O documento traz análise da condição de percepção dos pilotos diante da situação. “A condição de estol, provavelmente relacionada à gradual redução de velocidade que se seguiu à redução dos manetes de potência, não foi percebida em tempo hábil para que pudesse ser projetada uma reação. Naquele contexto, houve a percepção exclusivamente da condição de RPM da hélice ligeiramente excessivo”.

O professor acrescenta que o piloto optou, de maneira equivocada, por realizar uma manobra conhecida como embandeiramento ou passo bandeira da hélice. Ele explica que isso significa reduzir a velocidade da hélice e avalia que foi o fator que mais contribuiu para o acidente. “Primeiro, ele interpretou um disparo [da hélice], coisa que de fato não era. Era só um aumento normal de rotação. Segundo, ele reduziu a velocidade da hélice porque por muito tempo ele voou com um avião bandeirante que tinha como procedimento, em caso de disparo de hélice, reduzir o passo [rotação]. E ele o fez, só que colocou na posição de passo bandeira, que é quando a hélice fica sem nenhuma tração.
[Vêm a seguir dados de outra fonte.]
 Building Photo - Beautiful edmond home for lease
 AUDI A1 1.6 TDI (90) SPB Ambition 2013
E nisso daí o avião já estava em estol, que é uma velocidade baixa, o fenômeno que acontece quando o avião mais precisa de motor”, detalha.

“Um possível comandamento do embandeiramento dessa hélice pode ter dado início à perda de controle da aeronave”, diz trecho do relatório do Cenipa. Peterka faz uma comparação para explicar o desequilíbrio entre as rotações das hélices: “Quando você tem dois motores, imagina dois remadores. Um remador da esquerda rema, rema, rema e o da direita não rema. O que vai acontecer? O remador da esquerda vai fazer com que o barquinho vire para a direita. E foi o que aconteceu: o passo da hélice bandeira deixou de ter tração e o outro motor teve excesso de velocidade. Ele [avião] girou. […] Se inclina muito, perde toda a sustentação e vem para o chão”.

Segundo o Cenipa, o relatório é voltado a prevenir outros acidentes futuros. Na conclusão, foi recomendado à Agência Nacional de Aviação Civil (Anac) mudança no protocolo para reciclagem de pilotos deste modelo de aeronave, uma vez que houve mudanças em normatizações sobre esse avião.

No avião estavam o empresário Celso Silveira Mello Filho e sua família, além de piloto e copiloto. O caso será investigado pelo Centro de Investigação e Prevenção de Acidentes Aeronáuticos (Cenipa), da Força Aérea Brasileira (FAB).

Entenda o que ocorreu ponto a ponto:
– O empresário Celso Silveira Mello Filho, sua esposa, três filhos, piloto e copiloto partiram pouco antes das 9h do Aeroporto de Piracicaba. A viagem teria como destino o Pará, para uma fazenda da família, onde passariam uma semana.
– O avião caiu 15 segundos após a decolagem, em uma área de mata próxima à Faculdade de Tecnologia (Fatec) da cidade.
– O Corpo de Bombeiros foi acionado e no local encontrou as sete vítimas já mortas, carbonizadas.
– O Cenipa e a Polícia Civil foram acionados para realizar as investigações sobre a causa do acidente.
– No local, equipes localizaram a caixa preta do avião, onde o histórico de voo é armazenado. Ela foi analisada para produção do relatório final.
– Destroços do avião também foram recolhidos e foram analisados pelo Cenipa.
– De acordo com a FAB, a documentação e manutenção da aeronave estavam em dia. O avião foi fabricado em 2019 e é considerado de alta versatilidade por especialista.
– A última manutenção foi realizada em 23 de agosto de 2021. O retorno da oficina ocorreu na véspera do acidente.